Host China, the focus of much global concern in recent months, sought to reassure markets its economic fundamentals are sound and there is no need for further devaluation of its currency — but central bank Gov. Zhou Xiaochuan said the country had room for more fiscal stimulus and an eased monetary policy, and insisted China’s rising debt-to-GDP ratio was not a problem.
Yet while bodies including the International Monetary Fund have backed the idea of a coordinated stimulus program, to tackle what British Chancellor of the Exchequer George Osborne said Friday were the “most heightened” risks to the global economy since the 2008 financial crisis, German Finance Minister Wolfgang Schäuble made it clear this would not be on the agenda. Schäuble said the debt-financed stimulus approach had “reached its limits,” adding his government would not agree to more coordinated spending. “Talking about further stimulus just distracts from the real tasks at hand,” he said, and emphasized instead the need for structural reforms, saying there were “no shortcuts.”
Mark Carney, head of the Bank of England, also said while banks could still use interest rate cuts to help stimulate their economies, governments also need to take “structural measures” if they want global growth to pick up.
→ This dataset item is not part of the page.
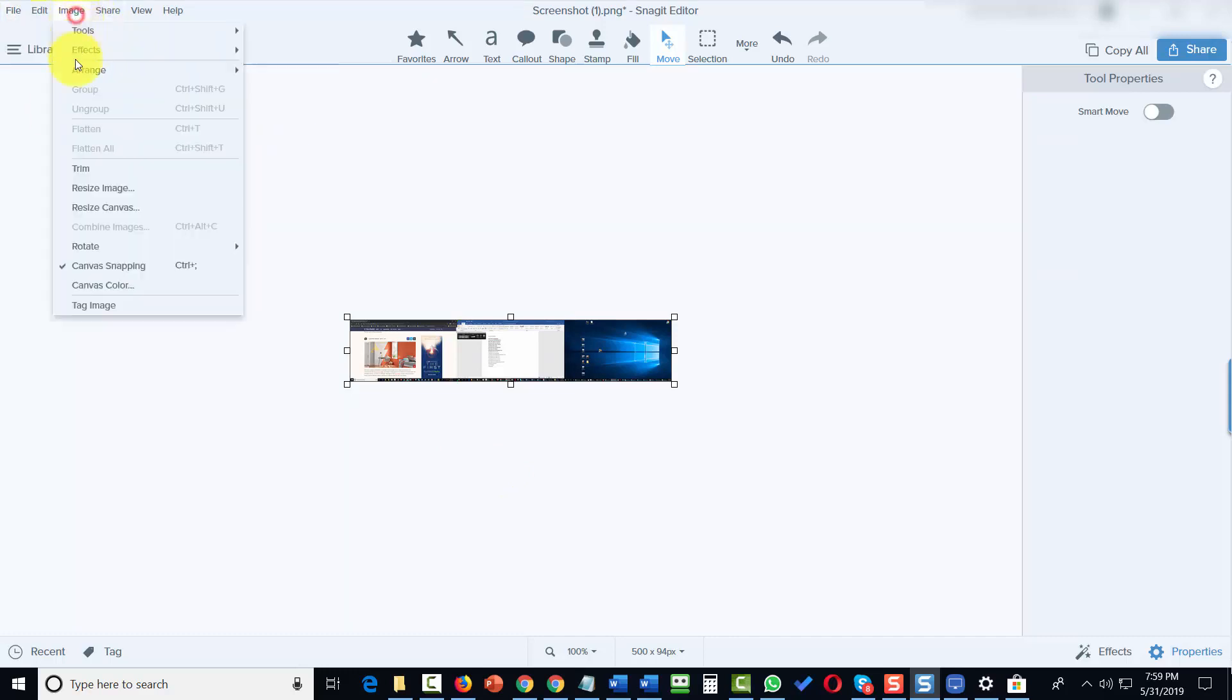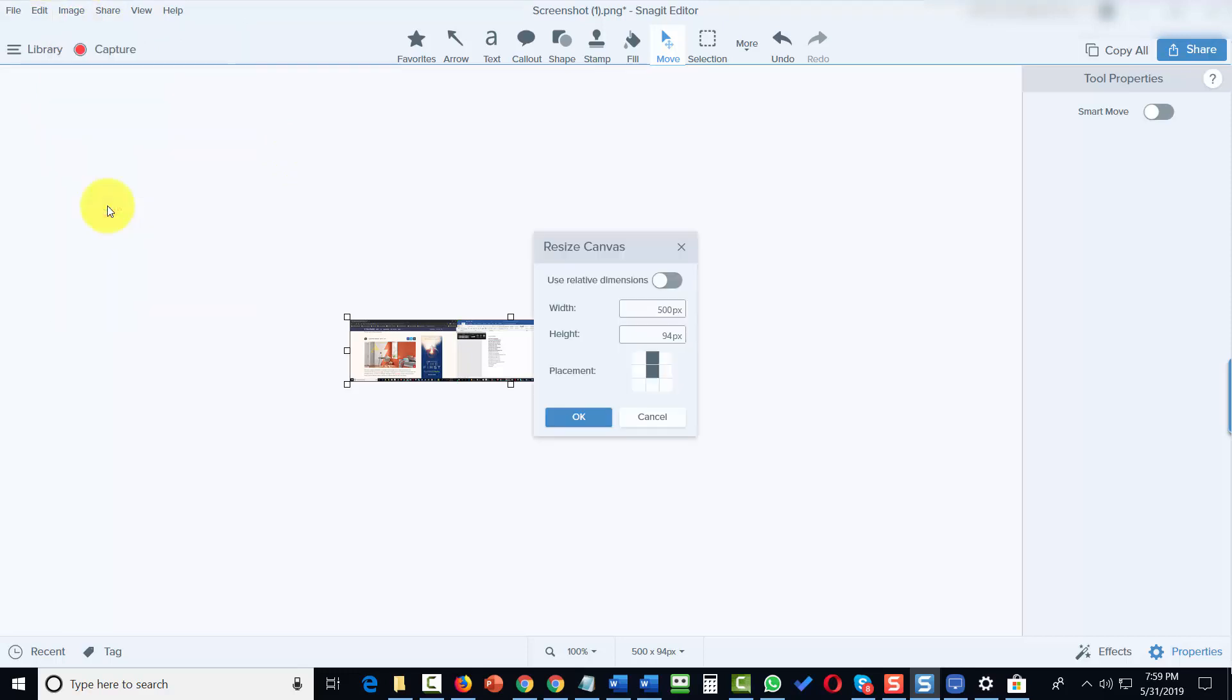We can also resize the canvas where we're working. We can click Resize Canvas. And what you're going to notice is that in this case, our canvas is the size of the image.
Carney said most advanced economies had “deferred … difficult structural reforms.” He also criticized the negative interest rates introduced by countries like Japan, saying these would damage consumer demand.
But in a sign of the obstacles to speeding up implementation of structural reforms, the Organization for Economic Cooperation and Development said in a report Friday the pace of such reforms had declined steadily in the past four to five years.
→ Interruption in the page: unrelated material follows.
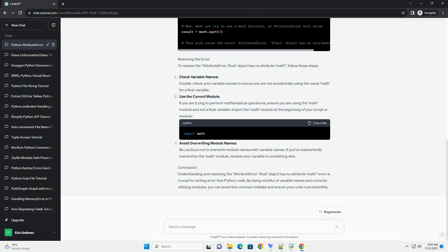Resolving the error: To resolve the attribute error, float object has no attribute math, follow these steps.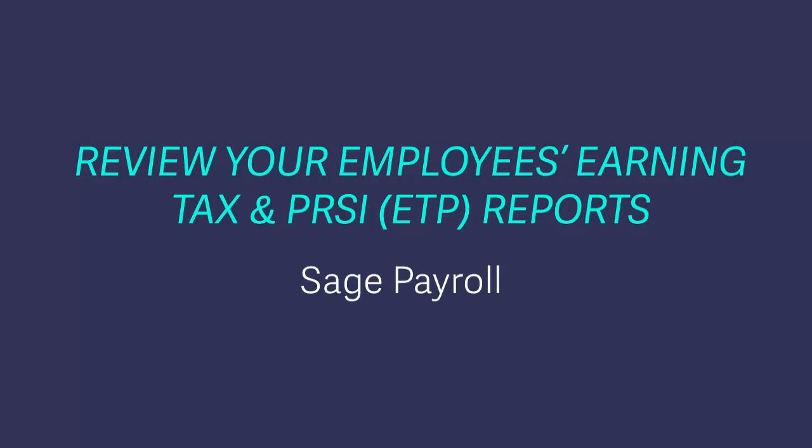In this quick video demo we'll show you how to generate the earnings tax and PRSI reports for each of your employees and how you can review them.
OECD Secretary-General Angel Gurria said though “accelerated reform, leadership and political guts” are needed, “the reform actually slowed. It is deeply disturbing,” Chinese media reported. Gurria also called for a greater sense of “urgency.”
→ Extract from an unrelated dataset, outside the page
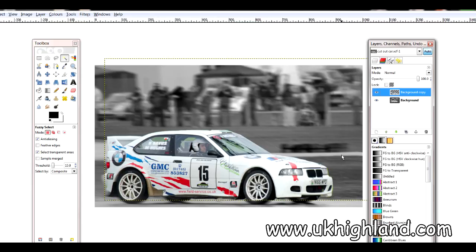Remember to subscribe to the channel and when you get the time check out our online shop over at www.ukhighland.com.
French Finance Minister Michel Sapin, however, called for calm. Sapin emphasized a global stimulus package was not possible, since countries like France did not “have the means” to take such action, though he encouraged countries that could afford it to do so. Speaking on a stopover in Hong Kong on his way to Shanghai, Sapin said the G-20 meeting would not “create new things,” but rather “continue to implement the decisions taken before. … We must not overreact to the real situation of the world today or the real situation of certain countries,” the South China Morning Post reported.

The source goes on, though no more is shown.